Todas las despedidas felices se parecen; las infelices lo son cada una a su manera.

Permítanme que remede el inicio de Ana Karenina de Tolstoy, aunque es cierto que el novelista habla de familias y no de despedidas. Pero si, creo que también con estas últimas se cumple el aserto.

No sé si hay muchas despedidas felices (una jubilación deseada o una pérdida de contacto con un compañeros anómalo, pudieran ser algunas de ellas). La mayoría, sin embargo, no lo parecen. Existen las sosegadas o sistemáticas, y también las abruptas, esas en las que de repente se produce una conmoción, un hecho no previsto, un terremoto, que da al traste con la costumbre, con el hacer habitual y sus avatares.

Si las despedidas infelices son tristes, las infelices y abruptas lo son aún más. Porque cuesta entenderlas. Explicarlas y desarrollarlas no suele ser fácil y el sujeto protagonista suele culparse: de una derrota, de unos colegas, de unas circunstancias, que se yo…Con el consiguiente bajón de la autoestima.

Es absurdo resistirse al dolor, la frustración o el enfado, incluso inhibirse.

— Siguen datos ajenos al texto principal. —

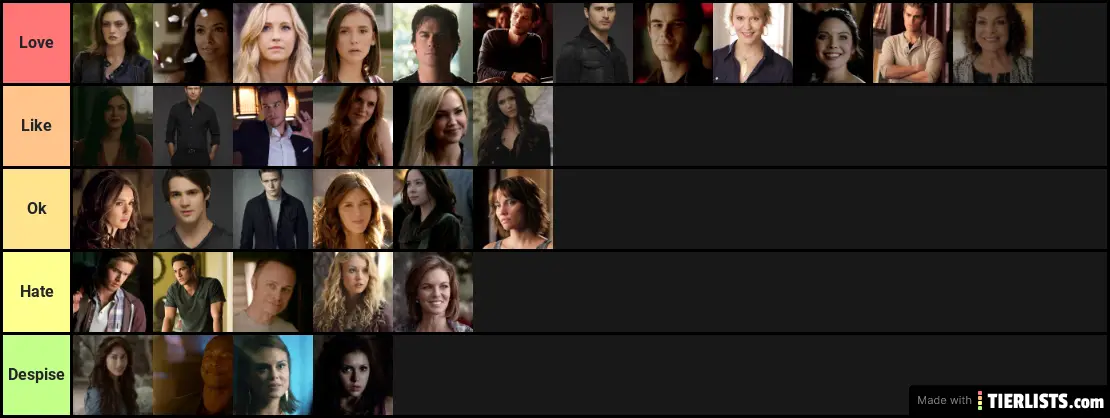 TVD Squad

No funciona. Si acaso alguien lo olvidara (qué estaba en un sitio, y en el que va a dejar de estar) ya llegará algún amigo de los alrededores y algún coetáneo para recordarle lo que era y ha dejado de ser. Para explicarle lo que tuvo que haber hecho y no hizo…

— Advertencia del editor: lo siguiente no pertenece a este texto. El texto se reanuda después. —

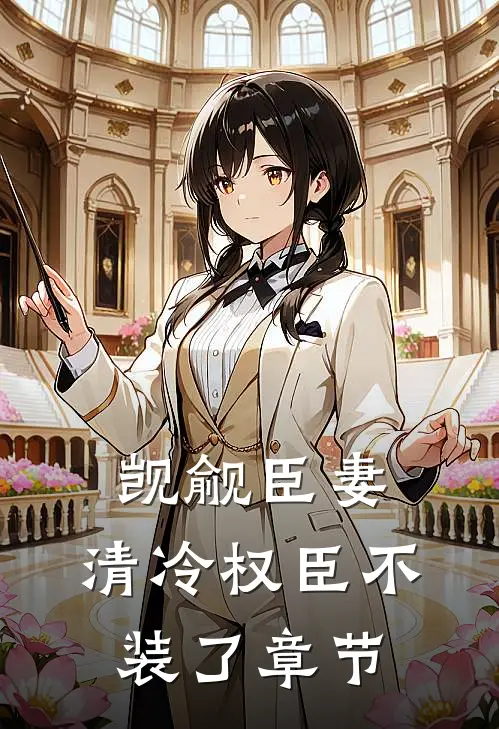 觊觎臣妻：清冷权臣不装了章节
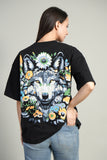 Moonstalker Oversized Tee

Mucha gente pone tierra por medio. Cuando el trabajo ha sido exclusivo y extenuante, algunas personas optan por huir, un año, dos, una temporada sabática. Para no encontrarse con otros por la calle, para no tener que saludarles, para no leer los periódicos, que narran una nueva realidad.

Y hay que agradecer al destino si el que marcha no se convierte en objeto de algún pim pam pum de gentes primerizas y soberbias, cuando no valen mucho, no les salen los números y aun así han de responder delante del público que las ha jaleado. Buscarán los pretextos en la gestión anterior y se ensañarán. Si eso ocurre, al dolor por la separación del quehacer diario se unirá la asunción del desprecio que (al cabo) los vencedores sienten por los vencidos. Y todos cuantos formaban la nube sobre la que cada hora se aposentaba el que se despide, caerán en la cuenta de que ya no se le puede exprimir más y separándose buscaran otros sitios.

Son etapas que hay que aprender a digerir. Gestionándolas. Caminando por ellas. Toda despedida (de algo o de alguien) supone un aprendizaje y una ventana abierta a otro tipo de cotidianidad. Yo recomiendo no ponerse demasiado melancólicos, porque otros días están a punto de aparecer y lo que hace un ser humano lo puede hacer cualquier otro ser humano, cuando se empeña en reconstruirse.